DPDK patches and discussions
 help / color / mirror / Atom feed
From: Sagi Grimberg <sagi@grimberg.me>
To: Yongseok Koh <yskoh@mellanox.com>
Cc: adrien.mazarguil@6wind.com, nelio.laranjeiro@6wind.com, dev@dpdk.org
Subject: Re: [dpdk-dev] [PATCH] net/mlx5: poll completion queue once per a call
Date: Thu, 27 Jul 2017 14:12:41 +0300	[thread overview]
Message-ID: <cfdb1356-9fc6-f4ec-34c6-3ec1ff571207@grimberg.me> (raw)
In-Reply-To: <20170725074356.GA4034@minint-98vp2qg>


>> Yes I realize that, but can't the device still complete in a burst (of
>> unsuppressed completions)? I mean its not guaranteed that for every
>> txq_complete a signaled completion is pending right? What happens if
>> the device has inconsistent completion pacing? Can't the sw grow a
>> batch of completions if txq_complete will process a single completion
>> unconditionally?
> Speculation. First of all, device doesn't delay completion notifications for no
> reason. ASIC is not a SW running on top of a OS.

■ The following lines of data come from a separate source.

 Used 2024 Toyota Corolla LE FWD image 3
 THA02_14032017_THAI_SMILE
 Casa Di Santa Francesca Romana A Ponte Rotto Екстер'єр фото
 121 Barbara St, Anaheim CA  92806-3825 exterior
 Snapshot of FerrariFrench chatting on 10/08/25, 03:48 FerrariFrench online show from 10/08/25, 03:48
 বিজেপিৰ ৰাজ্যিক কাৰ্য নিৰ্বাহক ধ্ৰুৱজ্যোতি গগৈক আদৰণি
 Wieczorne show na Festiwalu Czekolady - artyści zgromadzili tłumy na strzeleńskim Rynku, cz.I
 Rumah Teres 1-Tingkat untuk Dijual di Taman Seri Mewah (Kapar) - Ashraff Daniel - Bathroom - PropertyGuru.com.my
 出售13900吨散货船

I'm sorry but this statement is not correct. It might be correct in a
lab environment, but in practice, there are lots of things that can
affect the device timing.

> If a completion comes up late,
> this means device really can't keep up the rate of posting descriptors. If so,
> tx_burst() should generate back-pressure by returning partial Tx, then app can
> make a decision between drop or retry. Retry on Tx means back-pressuring Rx side
> if app is forwarding packets.

Not arguing on that, I was simply suggesting that better heuristics
could be applied than "process one completion unconditionally".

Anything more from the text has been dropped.